("Mesajul" / Madeleine Davidsohn)
La radio et la télévision commencèrent à sonner au même moment, l'épouvantant. « Nahas tefa, nahas tefa ». C'était le signal d'alarme de la guerre du Golfe. Elle ne s'était pas encore habituée à ce son strident, effrayant, qui se mettait en marche lorsqu'on s'y attendait le moins. Une fois c'était dans la salle de bains, une autre fois dans les wc, et même dans la rue, sans plus savoir vers où se diriger. Elle ne s'était pas habituée à l'abri, infime débarras, sans même une place où jeter une aiguille. Elle restait alors blottie sur la dernière marche de l'escalier qui donnait sur le réduit du sous-sol, les genoux serrés au menton, et le masque à gaz aux pieds. L'espace était étroit, il manquait d'air et le masque l'aurait étouffée au lieu de la sauver, en cas d'éventuelle attaque chimique. Un tas de choses usées, amassées pendant toute une vie, gisaient là éparpillées, les unes sur les autres , remplissant cet espace jusqu'à n'en plus pouvoir. La trappe était la seule porte de communication avec l'extérieur.
Dès le premier jour de la guerre, Corinne décida que le masque était superflu. « Si je dois mourir, ce sera à cause des explosions, et on me retrouvera sous les décombres. » pensait-elle. Car, au moins, on pouvait y arriver en un instant.
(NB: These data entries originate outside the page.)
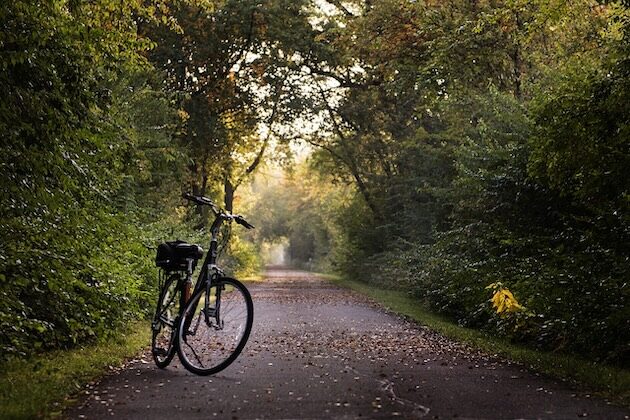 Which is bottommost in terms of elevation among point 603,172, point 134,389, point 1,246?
point 134,389

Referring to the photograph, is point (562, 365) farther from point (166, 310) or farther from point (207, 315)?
point (166, 310)

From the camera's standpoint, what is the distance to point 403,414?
4953 millimetres

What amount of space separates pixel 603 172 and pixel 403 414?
16.1ft

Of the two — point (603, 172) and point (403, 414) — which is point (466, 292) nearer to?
point (603, 172)

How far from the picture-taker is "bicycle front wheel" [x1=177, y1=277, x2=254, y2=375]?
6.65 m

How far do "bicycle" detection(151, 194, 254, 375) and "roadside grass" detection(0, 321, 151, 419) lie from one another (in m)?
0.76

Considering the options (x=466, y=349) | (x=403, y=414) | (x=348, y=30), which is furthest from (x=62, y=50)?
(x=348, y=30)

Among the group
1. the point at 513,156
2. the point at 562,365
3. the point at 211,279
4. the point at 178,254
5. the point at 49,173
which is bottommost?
the point at 562,365

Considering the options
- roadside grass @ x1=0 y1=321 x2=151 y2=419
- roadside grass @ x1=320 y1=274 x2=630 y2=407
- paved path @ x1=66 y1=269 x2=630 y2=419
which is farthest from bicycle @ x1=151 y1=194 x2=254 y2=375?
roadside grass @ x1=320 y1=274 x2=630 y2=407

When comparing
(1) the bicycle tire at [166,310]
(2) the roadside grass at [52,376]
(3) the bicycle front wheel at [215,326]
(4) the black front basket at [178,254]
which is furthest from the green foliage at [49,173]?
(3) the bicycle front wheel at [215,326]

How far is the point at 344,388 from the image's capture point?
5.98 metres

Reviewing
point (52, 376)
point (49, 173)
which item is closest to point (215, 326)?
point (52, 376)

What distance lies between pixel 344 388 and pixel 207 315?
5.74 feet

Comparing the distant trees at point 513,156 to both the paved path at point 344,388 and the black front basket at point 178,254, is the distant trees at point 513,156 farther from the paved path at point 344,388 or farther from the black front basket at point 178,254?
the black front basket at point 178,254
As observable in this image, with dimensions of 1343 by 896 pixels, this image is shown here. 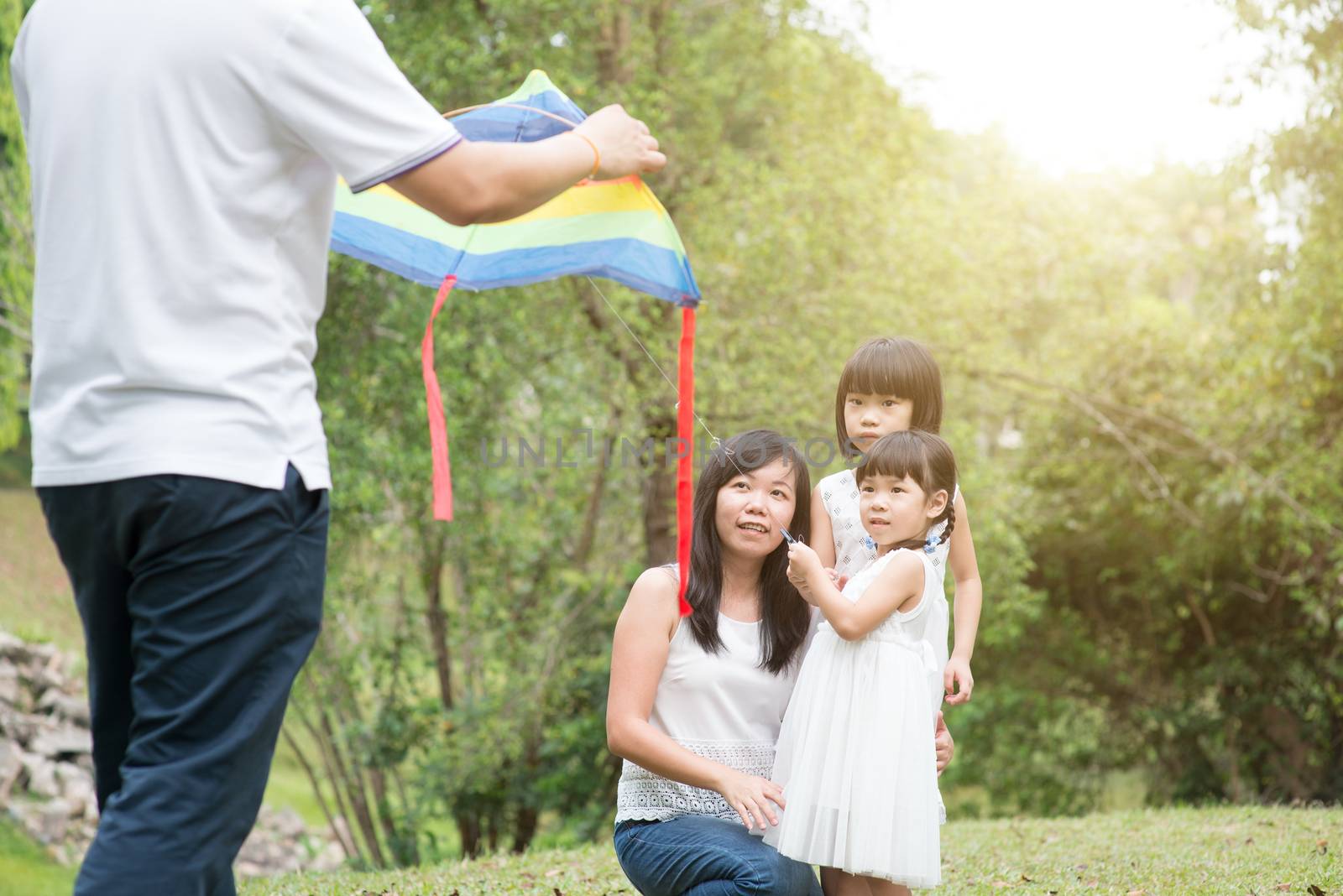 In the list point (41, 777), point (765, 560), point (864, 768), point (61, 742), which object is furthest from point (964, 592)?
point (61, 742)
De la chambre à coucher, il suffisait de tirer le verrou de la trappe et on se trouvait immédiatement au sous-sol, comme dans une cachette, à l'abri des gaz, mais avec un maximum de chances de mourir asphixié par manque d'air, ou encore de mourir écrasé, au cas où la baraque s'écroulerait .
Corinne n'habitait dans cette vieille maison que depuis deux mois, lorsque la guerre avait commencé. Deux mois pendant lesquels elle s'était enfin senti libre et heureuse, au bout du calvaire d'un mariage malheureux et d'un épouvantable divorce. Délabrée, fragile comme elle l'était, cette maison était le refuge des premières nuits tranquilles, des premiers jours lumineux, qu'il y eut ou non du soleil dans le ciel. Libre, enfin libre, comme les oiseaux dans le ciel.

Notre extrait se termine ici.